Pensiun dini adalah kondisi dimana seseorang berhenti dari pekerjaan tetapnya lebih cepat dari seharusnya, dikarenakan keputusan pribadi atau bahkan keputusan perusahaan. Saat kita berbicara mengenai keputusan pribadi maka selayaknya alasan yang dapat ditemukan terkait pensiun dini adalah telah memiliki dana pensiun yang cukup dan perencanaan keuangan yang sudah matang. Apabila kita berbicara mengenai keputusan perusahaan terkait pensiun dini, maka selayaknya alasan yang kerap ditemukan adalah peningkatan keberlanjutan, membuka kesempatan karir baru pada tenaga kerja yang dinilai masih “produktif”, sampai kepada restrukturisasi dan pengurangan karyawan demi pengurangan biaya perusahaan.

Dalam dunia Hubungan Industrial, latar belakang pensiun dipengaruhi oleh kebijakan perusahaan yang dibuat dalam bentuk tertulis seperti Peraturan Perusahaan (PP) atau Perjanjian Kerja Bersama (PKB). Kebijakan perusahaan dalam pensiun umumnya berbicara mengenai batasan bilangan usia pensiun karyawan, bukan masa kerja karyawan.

Perundangan ketenagakerjaan sendiri belum menetapkan secara pasti dan tegas terkait bilangan usia pensiun yang dimaksud, dimulai dari Undang-Undang No. 13 Tahun 2003 sampai kepada UU No. 6 Tahun 2023 tidak dapat ditemukan secara pasti dan tegas terkait bilangan batasan usia pensiun tersebut. Hal ini disebabkan karena undang-undang hanya mengatur dan menetapkan ketentuan yang sifatnya masih sangat luas dan umum saja.

Namun demikian, banyak opini hukum yang “menafsirkan” salah satu perundangan mengenai batasan bilangan usia pensiun, yakni pada Peraturan Pemerintah (PP) No. 45 Tahun 2015 tentang Penyelenggaraan Program Jaminan Pensiun.

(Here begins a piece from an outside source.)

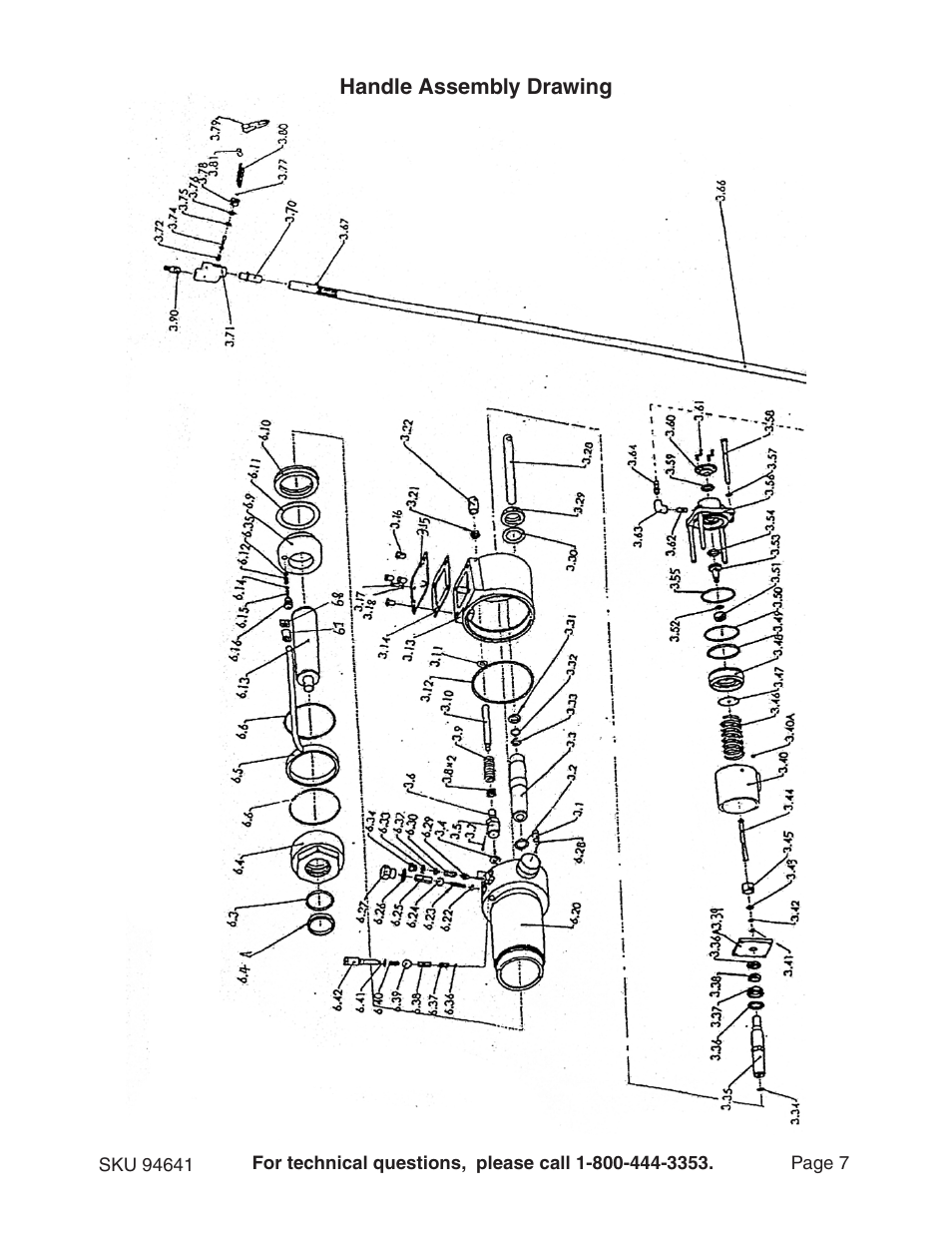 Harbor Freight Tools 94641 User Manual | Page 7 / 11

Perlu diketahui sebelumnya bahwa peraturan pemerintah ini bertujuan mengatur batasan bilangan usia pensiun guna menerapkan program jaminan pensiun pada BPJS Ketenagakerjaan (Jamsostek) saja, bukan untuk mengatur batasan bilangan usia pensiun dalam hubungan kerja secara umum dan menyeluruh.

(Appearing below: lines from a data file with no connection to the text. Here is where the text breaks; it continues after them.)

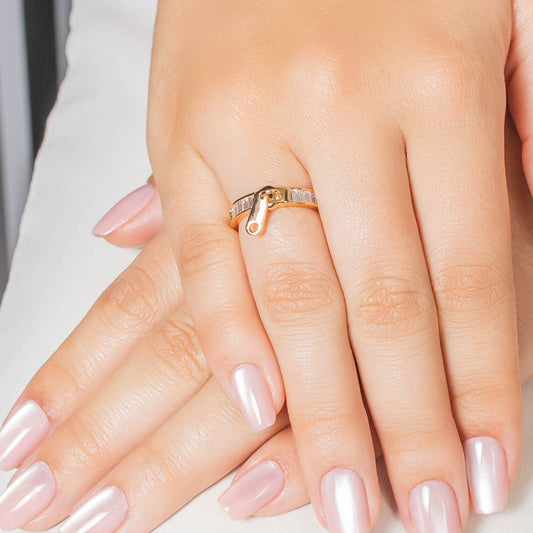 Anillo cierre baguette
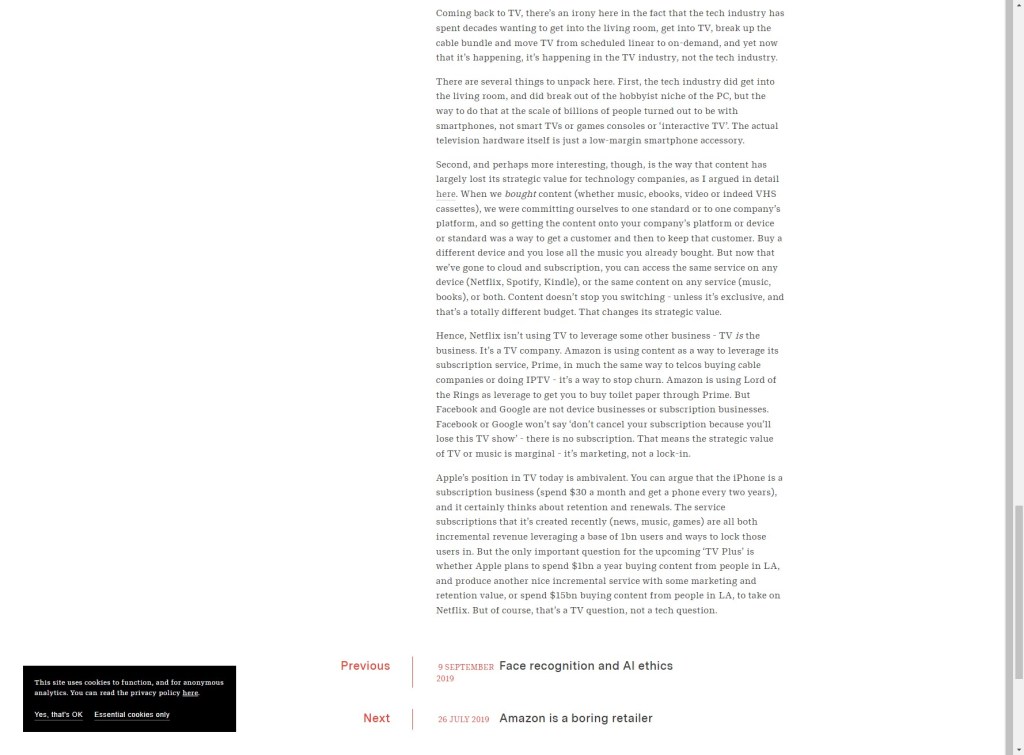 Netflix is not a tech&nbsp;company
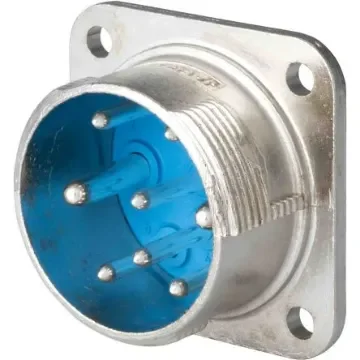 Jaeger Circular Connector, 4 Contacts, Panel Mount, Female - 5366 040 06 product image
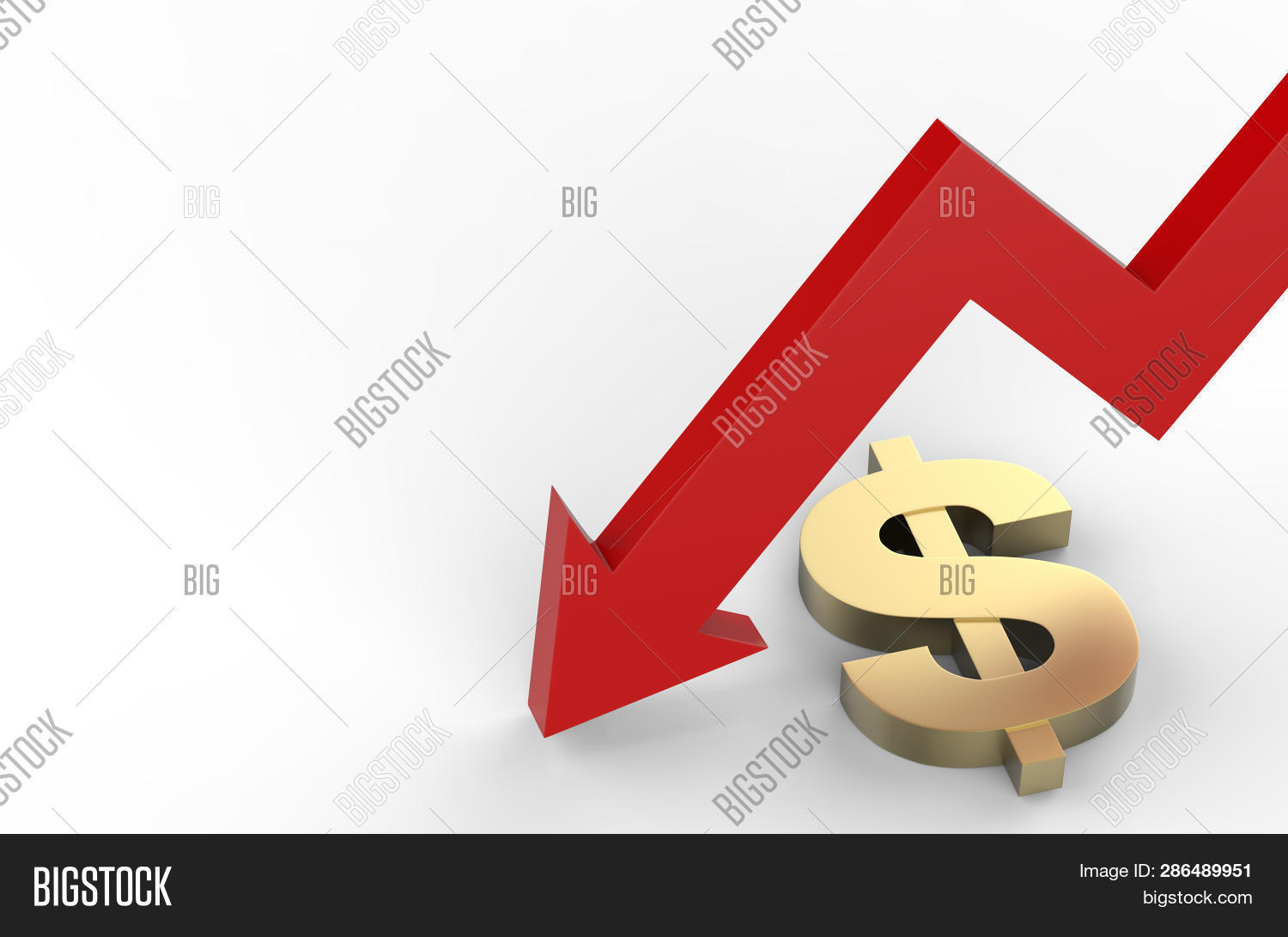 Decrease Dollar Value Image Photo Free Trial Stock Decrease Dollar Value Image Photo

Pada pasal 15 ayat 1, 2, dan 3 PP No. 45 Tahun 2o15 dikatakan demikian “(1) Untuk pertama kali Usia Pensiun ditetapkan 56 (lima puluh enam) tahun, (2) Mulai 1 Januari 2019, Usia Pensiun sebagaimana dimaksud pada ayat (1) menjadi 57 (lima puluh tujuh) tahun, (3) Usia Pensiun sebagaimana dimaksud pada pada ayat (2) selanjutnya bertambah 1 (satu) tahun untuk setiap 3 (tiga) tahun berikutnya sampai mencapai Usia Pensiun 65 (enam puluh lima) tahun”.

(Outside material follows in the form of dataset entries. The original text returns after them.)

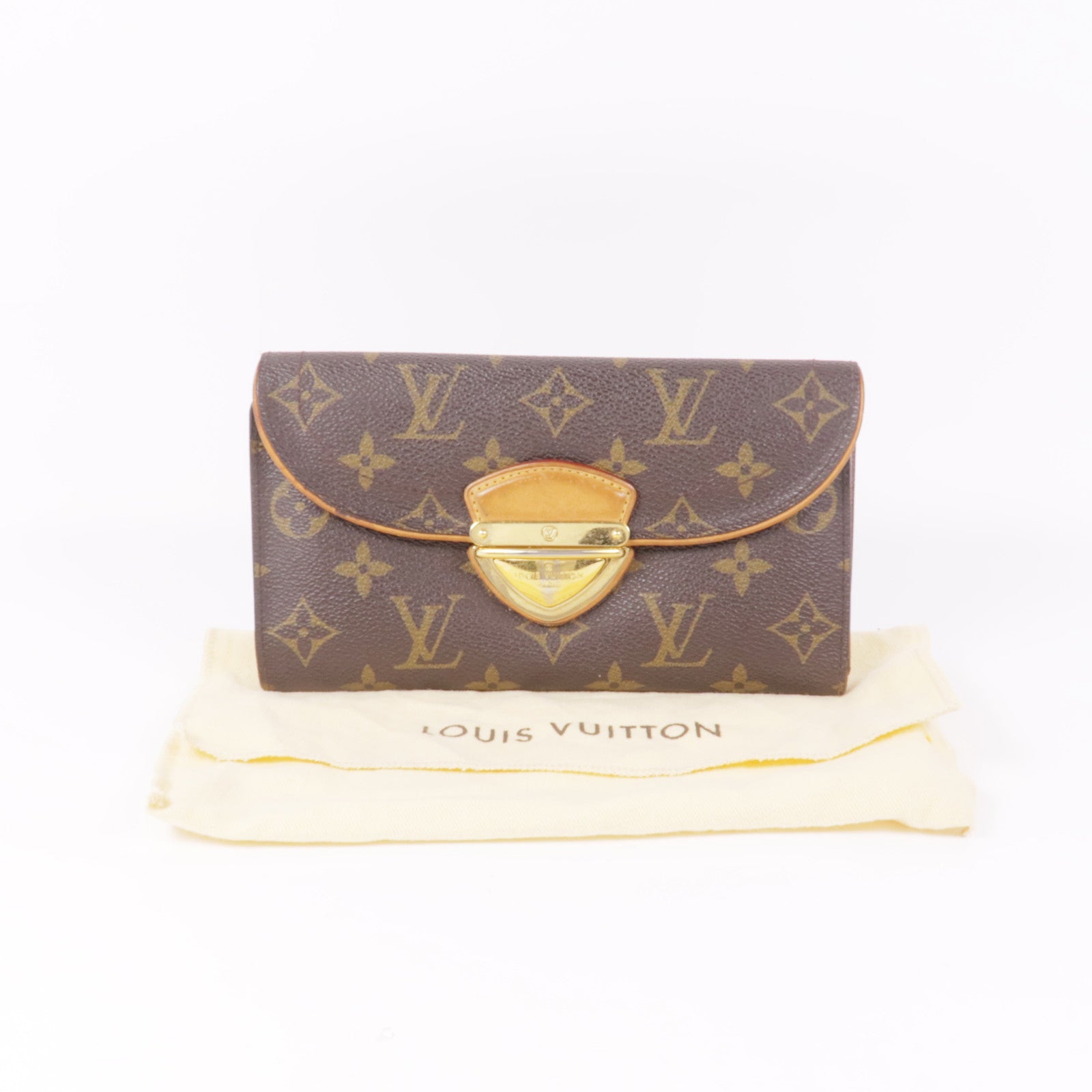 LOUIS VUITTON Monogram Long Wallet金扣長錢包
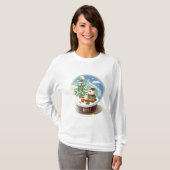 T-shirt Globe de neige avec le bonhomme de neige et (Devant entier)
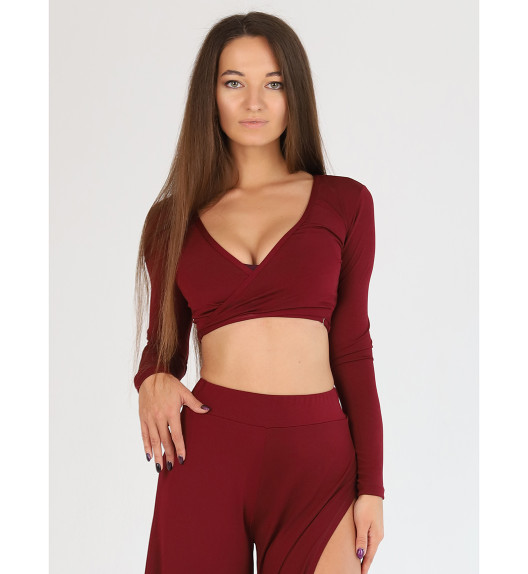 Болеро бордовое Priya I-Style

Artinya, secara matematis, maka usia pensiun yang dimaksud peraturan pemerintah diatas adalah sebagai berikut:

  • Tahun 2017 (usia pensiun adalah 56 tahun)
  • Tahun 2019 (usia pensiun adalah 57 tahun)
  • Tahun 2022 (usia pensiun adalah 58 tahun)
  • Tahun 2025 (usia pensiun adalah 59 tahun)
  • Tahun 2028 (usia pensiun adalah 60 tahun)
  • Tahun 2031 (usia pensiun adalah 61 tahun)
  • Tahun 2034 (usia pensiun adalah 62 tahun)
  • Tahun 2037 (usia pensiun adalah 63 tahun)
  • Tahun 2040 (usia pensiun adalah 64 tahun)
  • Tahun 2043 (usia pensiun adalah 65 tahun)

Penafsiran berdasarkan PP No. 45 Tahun 2015 inilah yang biasanya dibuat acuan untuk menetapkan batasan bilangan usia pensiun dalam hubungan industrial. Perlu diketahui bahwa penafsiran batasan usia pensiun menurut PP tersebut tidaklah bersifat normatif, artinya perusahaan secara bebas masih dapat menetapkan batasan usia pensiun karyawan.

Sekalipun perusahaan dapat mengadaptasikan batasan usia pensiun berdasarkan PP No. 45 Tahun 2015, namun perlu diketahui pula bahwa aturan ini hanya menetapkan ambang batas bawah (minimum) pada usia pensiun saja, bukan ambang batas atas (maksimum), artinya sekalipun karyawan telah mencapai usia 65 tahun atau lebih; dengan pertimbangan kesehatan, keselamatan kerja, dan keuangan perusahaan, maka hubungan kerja tetap dapat dilaksanakan seterusnya. Hal ini telah dijelaskan pada penjelasan sebelumnya yakni belum ada satupun perundangan ketenagakerjaan yang menetapkan dengan pasti dan tegas mengenai batas usia pensiun dalam hubungan kerja.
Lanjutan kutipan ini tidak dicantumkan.